Toxic doses of paraoxon alter the respiratory pattern without causing respiratory failure in rats

Respiratory failure, through a combination of muscarinic, nicotinic, and central effects, is the primary cause of death in acute organophosphate poisoning. However, the mechanisms inducing respiratory failure remain unclear. In rats poisoned subcutaneously with paraoxon at doses near the LD50, we studied the pattern of respiration using whole body plethysmography and the occurrence of respiratory failure using arterial blood gases.
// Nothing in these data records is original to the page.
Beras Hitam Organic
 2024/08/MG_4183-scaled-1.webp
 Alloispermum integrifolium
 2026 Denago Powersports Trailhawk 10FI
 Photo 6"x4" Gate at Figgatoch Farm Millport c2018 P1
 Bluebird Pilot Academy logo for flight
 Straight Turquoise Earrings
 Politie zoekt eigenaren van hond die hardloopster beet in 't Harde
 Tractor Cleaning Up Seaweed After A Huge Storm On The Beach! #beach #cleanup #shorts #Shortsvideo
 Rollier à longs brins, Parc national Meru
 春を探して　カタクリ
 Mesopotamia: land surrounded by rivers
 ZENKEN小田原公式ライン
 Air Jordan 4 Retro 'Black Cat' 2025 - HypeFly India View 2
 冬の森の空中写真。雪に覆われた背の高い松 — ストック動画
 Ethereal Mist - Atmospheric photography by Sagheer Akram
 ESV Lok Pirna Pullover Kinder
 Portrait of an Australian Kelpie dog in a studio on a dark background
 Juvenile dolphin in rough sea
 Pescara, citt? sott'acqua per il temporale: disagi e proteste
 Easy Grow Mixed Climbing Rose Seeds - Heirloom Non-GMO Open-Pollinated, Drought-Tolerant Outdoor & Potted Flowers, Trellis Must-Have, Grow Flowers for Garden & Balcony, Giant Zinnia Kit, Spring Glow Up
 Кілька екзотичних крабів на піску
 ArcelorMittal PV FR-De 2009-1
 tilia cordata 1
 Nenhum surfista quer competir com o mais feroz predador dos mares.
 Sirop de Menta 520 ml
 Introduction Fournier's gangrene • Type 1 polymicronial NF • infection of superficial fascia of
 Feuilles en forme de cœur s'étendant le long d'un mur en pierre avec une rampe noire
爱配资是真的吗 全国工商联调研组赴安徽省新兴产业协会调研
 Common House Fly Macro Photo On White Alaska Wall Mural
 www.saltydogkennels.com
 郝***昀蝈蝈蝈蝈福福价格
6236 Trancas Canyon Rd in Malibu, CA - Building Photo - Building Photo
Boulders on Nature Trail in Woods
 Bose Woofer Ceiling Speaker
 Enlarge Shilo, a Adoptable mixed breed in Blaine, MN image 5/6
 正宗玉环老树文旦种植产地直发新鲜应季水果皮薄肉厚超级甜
Subsequently, we studied the effects of atropine on paraoxon-induced modification of ventilation and arterial blood gases. Fifty and 75%, but not 10% of the subcutaneous LD50 of paraoxon induced marked and sustained signs and symptoms. At 30 min post-injection and throughout the study, there was a significant decrease in the respiratory frequency (34% (50% versus solvent), and 29% (75% versus solvent)) and a significant increase in the expiratory time (72% (50% versus solvent) and 60% (75% versus solvent)) with no modifications of the inspiratory time. The tidal volume was significantly increased for the 75% but not for the 50% dose. Apnea was never detected. Even at the 75% dose, paraoxon had no effects on PaO2, PaCO2 or HCO3−; however, a significant decrease in arterial pH was observed at 30 min (7.34 ± 0.07 versus 7.51 ± 0.01, p = 0.03). Atropine completely reversed the paraoxon-induced respiratory alterations. We conclude that paraoxon, at doses equal to 50 and 75% of the LD50, alters ventilation at rest without inducing respiratory failure during the study period.